Starting a business from scratch

Quote: (01-29-2017 04:54 PM)kirdiesel Wrote:  

In my opinion its all about demand. You need to find/sell something people want or didn't know they needed... regardless of its grassroots or not. If its quality, word will get around and the shit will sell itself after a while. Product is everything. You'll be competing with people regardless if they are on the same site or not.

Once you figure that out everything else is cake. This is coming from a career long sales guy.

I have figured out a niche market on Ebay recently and im heading into my second month.. my first offical months sales were over 4 grand. There is/was a demand for the products but not enough inventory. I solved that problem am now trying to scale.

I get it, but what I mean is that when you're on a platform (i.e. amazon) with loads of other people, it's easy to get buried in the crowd. You could have a perfectly nice product but if people don't see you, or even if some do but decide to go with someone bigger, you're not going to get anywhere. I'm just frustrated.

It's demoralizing to think that the only way to earn a living is by being top of a massive heap.
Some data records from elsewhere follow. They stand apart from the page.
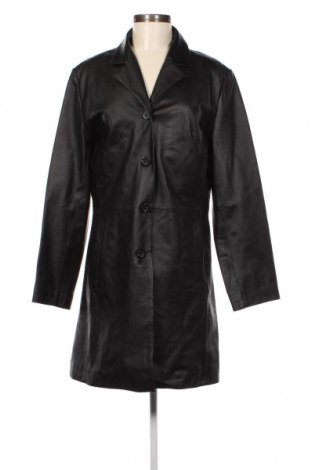 Dámská kožená bunda , Velikost L, Barva Černá, Cena  938,00 Kč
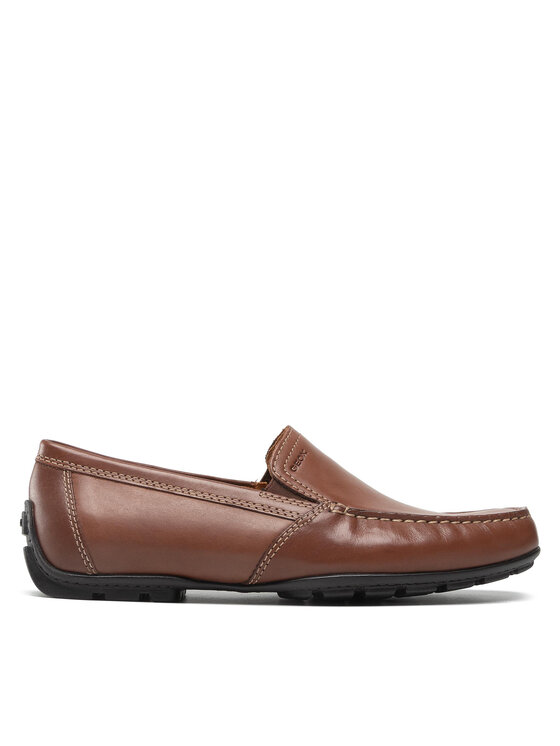 Geox Mokasíny U Moner V U1144V 00039 C6010 Hnedá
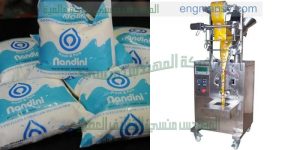 ماكينة تعبئة وتغليف طحين شركة المهندس منسى للصناعات الهندسيه   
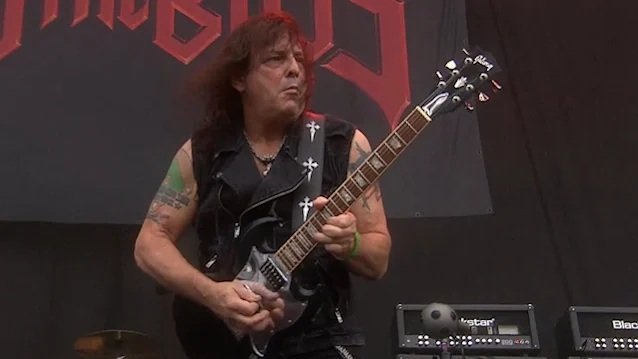 El ex guitarrista de Manowar, Ross «The Boss» Friedman, diagnosticado con ELA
If you want to have a successful shop (physical shop), you sell what people want and you find a good location, and you'll get customers. But online, you're a nobody unless you're right at the top. There doesn't seem to be much middle ground. That's why I'm wondering if there's any way to go to people in a more direct way, and bypass all of that excessive competition. I understand that there's always competition but at least if you go to someone directly, one on one, I would imagine there's a better chance.

I suppose what I'm talking about probably applies more to services than products.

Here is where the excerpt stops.